A brief, alternative story as a thought starter (not definitive by any stretch of the imagination):
In the beginning, God called the Creators of this world, and the world itself, "Good", because they were. Men were not created - indeed can't be - and so God did not create anybody 'this way'. Men were brought as a host upon this earth ("Adam" meaning "Many", or Humankind) already having bodies, but fell through their own actions/ choices, becoming servants of Satan. This service was originally viewed by Satan as being an eternal prison since Men could not die and their oaths to Satan were binding. God himself, then, instituted Death among Men as an act of mercy to free them of these oaths (the oaths being left behind with their bodies, perhaps, as we see in other stories), and to give them a new beginning.
But the solution was also the problem (though it was the best solution there was for the catastrophic situation), in that Men who had formally been living in incorruptible bodies better suited for their spirits, now found themselves in temporary/ make-shift bodies made out of great need from the already corrupted matter of this earth, not suitable or even intended to be permanent spiritual houses. So, the temporary solution of Death and the re-housing of spirits needed a permanent/ eternal fix, and this is, in broad strokes, why Jesus and the Resurrection were necessary.
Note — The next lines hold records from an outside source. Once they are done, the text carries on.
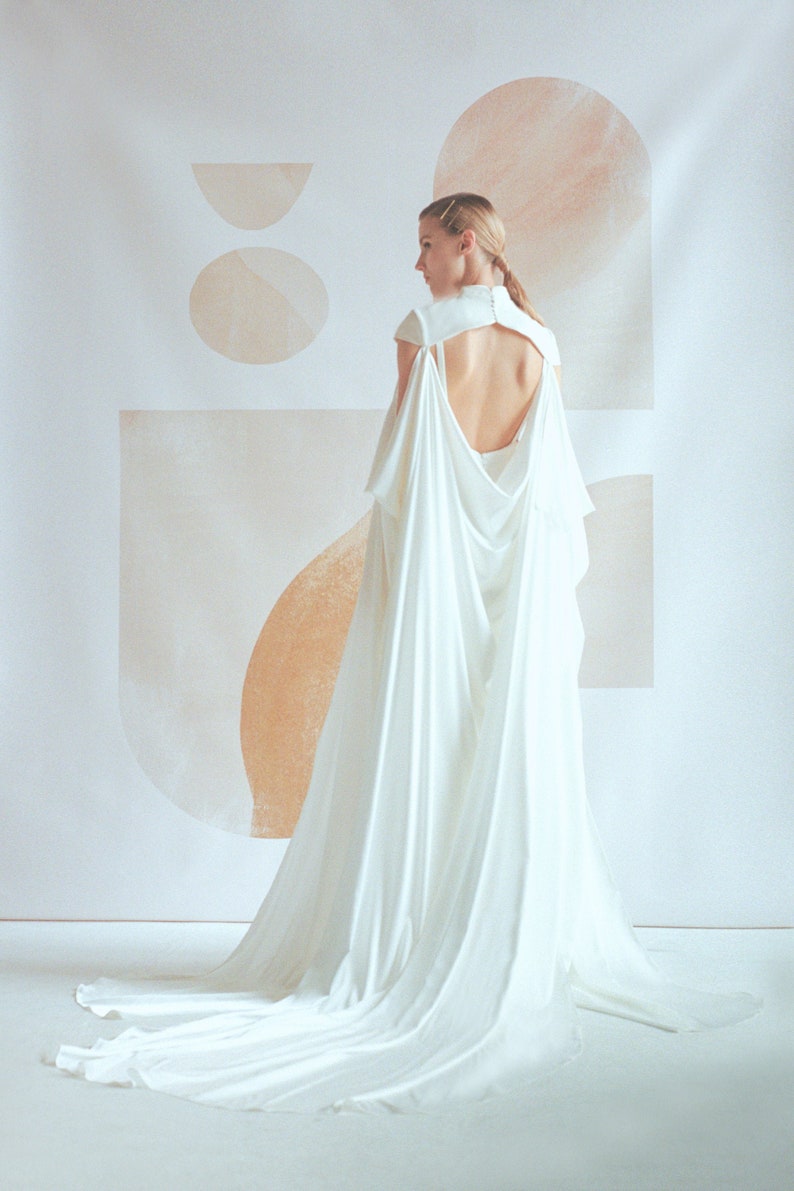 Bridal satin cape Minimalist cape for bride Wedding draped cover up in silk and crepe CLEMENTINE image 8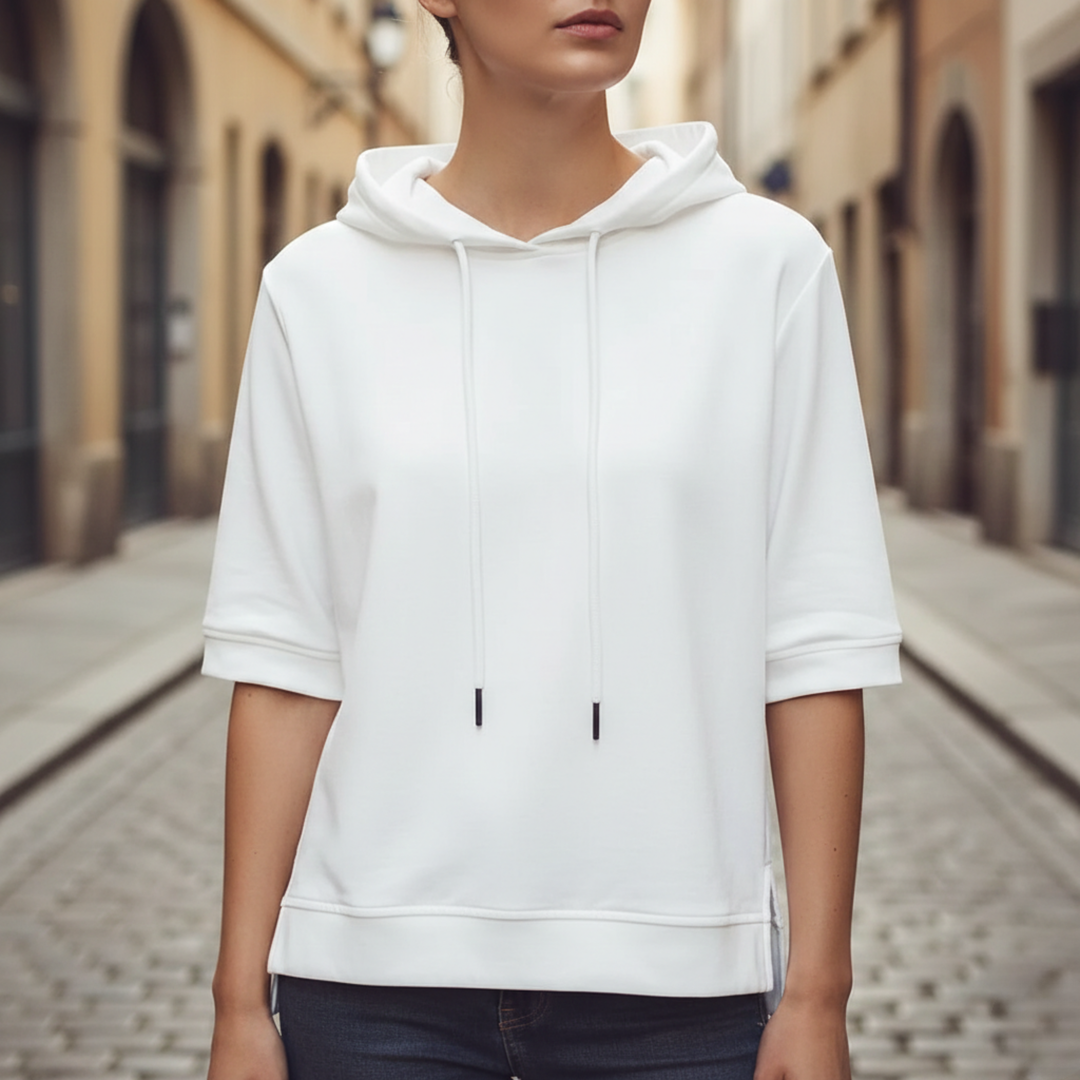 Short Sleeve Hoodie with Drawstring Hood Unisex
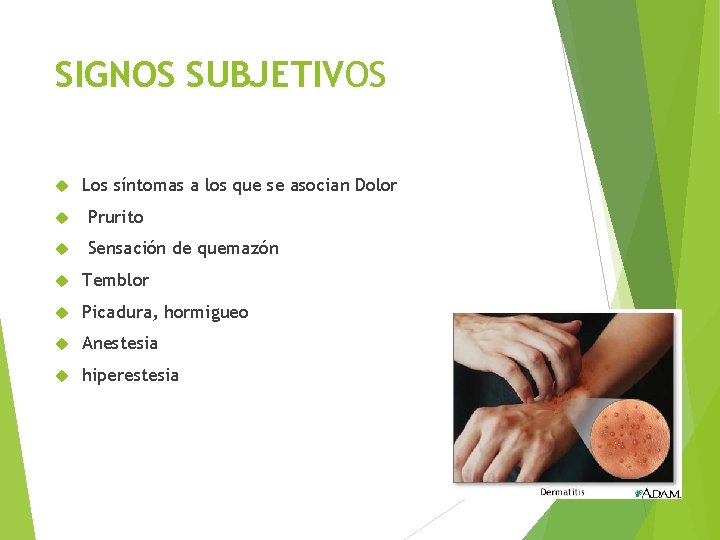SIGNOS SUBJETIVOS Los síntomas a los que se asocian Dolor Prurito Sensación de quemazón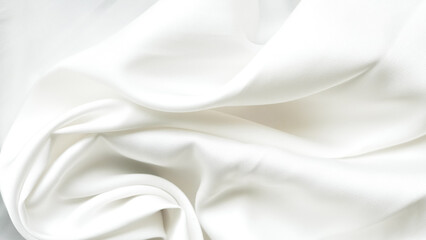 Naklejka premium Delicate wrinkled white silk with airy folds and minimalistic shine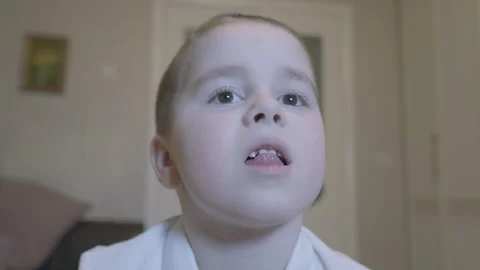 A Boy Aged 5-6 Years Experienced Loose Front Teeth. Children Dentistry Concept. Stock Footage 304105706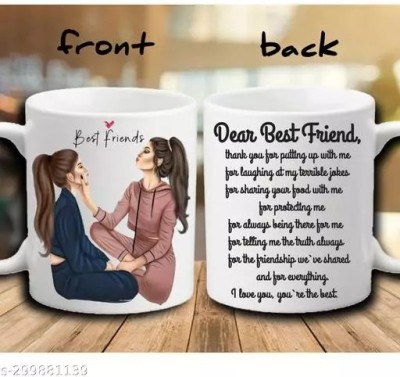 Brandees Bestfriend Ceramic CoffeeCup Best Gift for Friends,Girlfriend,Family,lovely gift Ceramic Coffee Mug(345 ml)
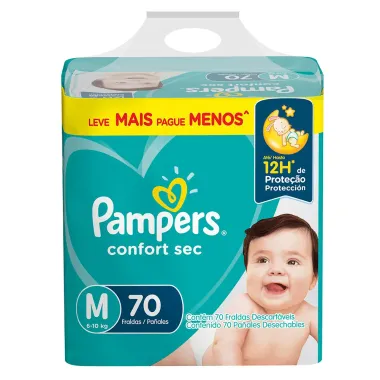 Fralda Pampers Confort Sec Tamanho M 70 Unidades Descartáveis_1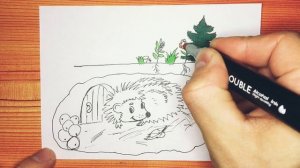 Как нарисовать ёжика. Осенний рисунок - How to draw a hedgehog. Autumn drawing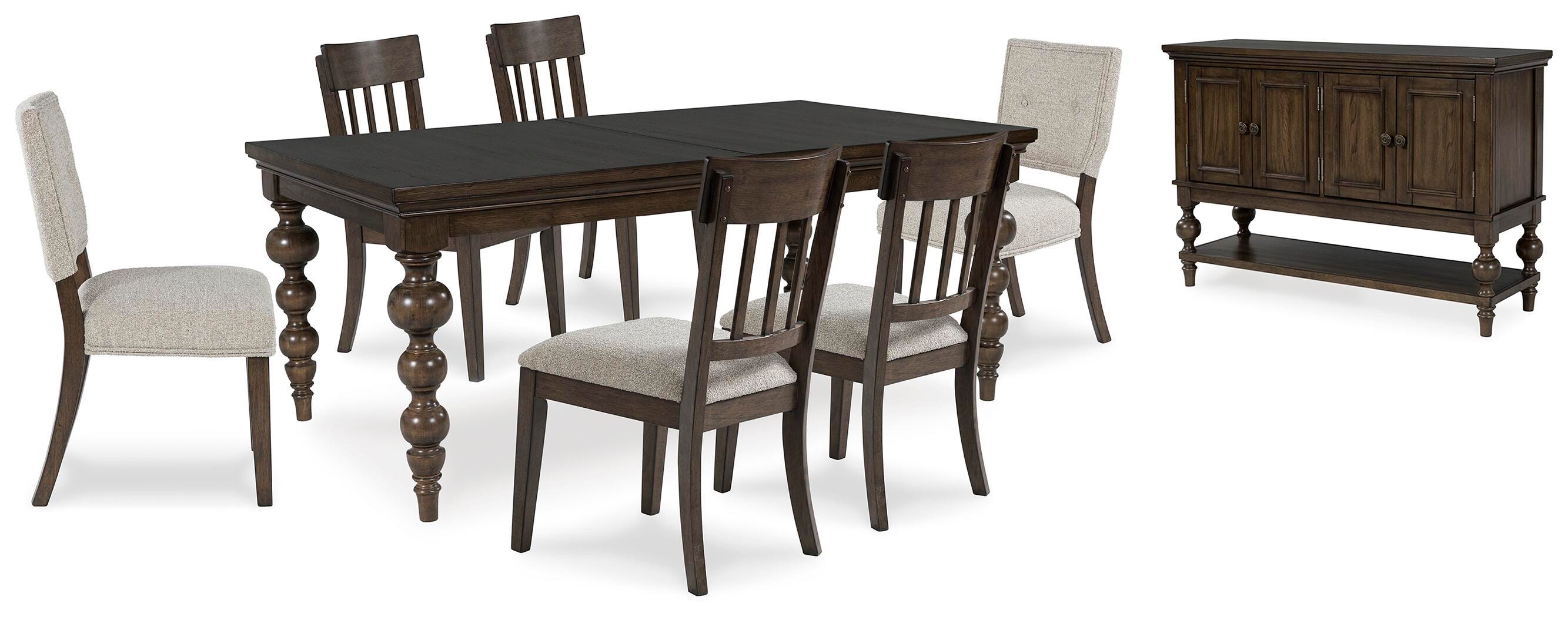 Veramond Extendable Dining Table and 6 Chairs with Storage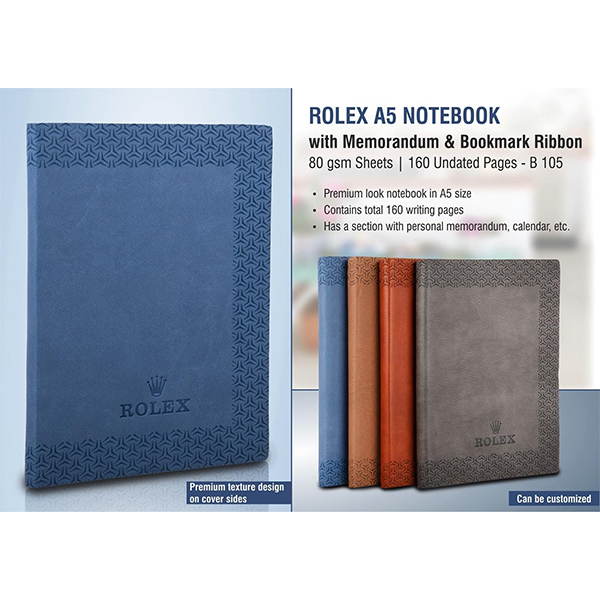 B105 – Rolex A5 Notebook With Memorandum & Bookmark Ribbon| 80 Gsm Sheets | 160 Undated Pages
I actually find it incoherent that a Creation that was Good in the beginning must be abandoned permanently for another Good place. This is the ultimate can-kicking. If this place, which was Good, can be turned irredeemably Evil, than there is no set of assumptions that would stop the next Good place from also potentially being overcome by evil - the march of chaos and evil would continue. Or, if you make a set of assumptions about the next Good Place that would prevent evil from reaching there, there should be no reason why those assumptions cannot also apply to this place also.
Rather, I think Good makes its stand and ultimate victory (a chosen, not compelled, one) here on this Earth, and from this place, Good once again fills all of creation. Creation being now restored to what it was before the Void, though now better, because we will know from our own experience that where the light shines, darkness cannot stand. It is Evil/ Darkness that will make the ultimate retreat, and not Light, and this is why I think you have it backwards.
I am not trying to change your mind or argue (I know looking for new ideas is not the primary reason why you write) - just leaving comments with alternative thoughts in case another reader finds it helpful.
@WW - Your scheme doesn't answer the ultimate questions that I feel personally must be answered. If it works for you - then that's fine. I believe there are an open ended number of metaphysical assumptions that can be Christian.
The problem arises when there are important issues that are not properly answered - but are hand-waved or fudged; and this category includes many of the core mainstream dogmas.
For me, free will and the presence of evil Must be real and must be explained in context of God the creator who is personal, Good, our Parents. Time must be real and not an illusion. Jesus Christ must be essential. etc. etc.